In The woman destroyed staat performer Courtney May Robertson stil bij de macht die er over het vrouwelijk lichaam wordt uitgeoefend, en hoe je daaraan kunt ontsnappen.

The woman destroyed opent met een alledaags nachtmerriescenario. In staccato voice-over schetst maker en performer Courtney May Robertson de situatie: een vrouw ligt naakt te zonnebaden op haar dakterras, als er opeens een drone komt overvliegen. Het is een niet-strafbare schending van haar lichamelijke autonomie, dus wat doe je eraan?

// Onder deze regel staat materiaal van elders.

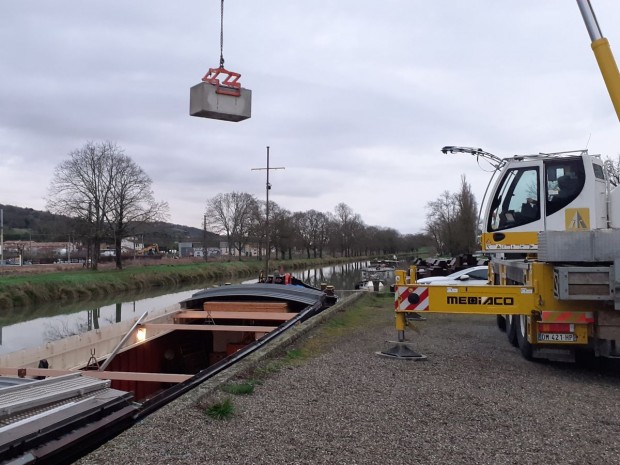 Spie Batignolles Malet a expérimenté le fret fluvial pour le transport de matériaux à Toulouse. (Photo Spie Batignolles Malet)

Dan voortaan maar niet meer naakt zonnen? Het is een treffend voorbeeld van de talloze manieren waarop vrouwen in de openbare ruimte gedwongen worden hun gedrag aan te passen vanwege (het gevaar van) grenoverschrijdend gedrag en seksueel geweld.

De dansperformance die erop volgt staat in het teken van controle, technologie en onderwerping aan of rebellie tegen een systeem. Na een eerste passage, waarin Robertsons dansende lichaam eerder als een marionet lijkt te reageren op de muziek dan dat ze enige bewegingsvrijheid bezit, neemt ze plaats achter een laptop. Op het scherm zien we de ‘achterkant’ van de voorstelling: een duizelingwekkend complex ‘script’ in een digitaal compositieprogramma. In deze score begint ze een tekst te typen die gaat over de wens om niet meer onderhevig te zijn aan externe invloeden op het lichaam, om volledig autonoom te kunnen opereren. Het programma maakt vervolgens op basis van een taalkundige ontleding een choreografie, waardoor de tekst naar beweging wordt omgezet. In de volgende scène voert Robertson de choreografie nauwgezet uit.

In de context van het thema dat Robertson vlak daarvoor geschetst heeft ontstaat zo een rijk betekeniskader rond vrijheid en autonomie. De tekst over de wens tot bevrijding wordt zelf een soort gevangenis. Tegelijkertijd zit er speelsheid en vreugde in de choreografie: je kan het ook lezen als een poging om de eigen autonomie letterlijk te belichamen.

De gelaagdheid die zo ontstaat wordt echter ondermijnd door de monologen in The woman destroyed. Na de eerste scènes richt Robertson zich rechtstreeks tot het publiek om ons deelgenoot te maken van haar overpeinzingen over het thema controle, angst en vrijheid. Niet alleen zijn de teksten zelf zwak en clichérijk, ook beroven ze de kijker van enige interpretatieruimte. Het gelaagde bewegingsmateriaal wordt platgeslagen tot één enkele betekenis, waardoor de voorstelling oppervlakkig en eentonig wordt.

Dat is erg jammer, omdat de choreografie op zich interessant blijft. Robertson laat zich steeds minder sterk door het script leiden – de strakke regels lijken te vervagen, verschillende dansfrases beginnen door elkaar te lopen, de performer staat zichzelf af en toe een slok water toe. De nonchalance waarmee Robertson burgerlijke ongehoorzaamheid pleegt ten opzichte van haar zelfopgelegde regels zou bevrijdend kunnen werken – ware het niet dat alles uitentreuren wordt uitgelegd.

Dramaturgisch gezien klopt het dat Robertson haar eigen angst voor controleverlies illustreert door alles voor het pubiek voor te kauwen. Dat ze zich er niet toe kan brengen genoeg vertrouwen te stellen in de autonome kracht van haar bewegingsmateriaal (en in de intelligentie van haar publiek) is wellicht een goede illustratie van het thema, maar het torpedeert de zeggingskracht van haar voorstelling ook.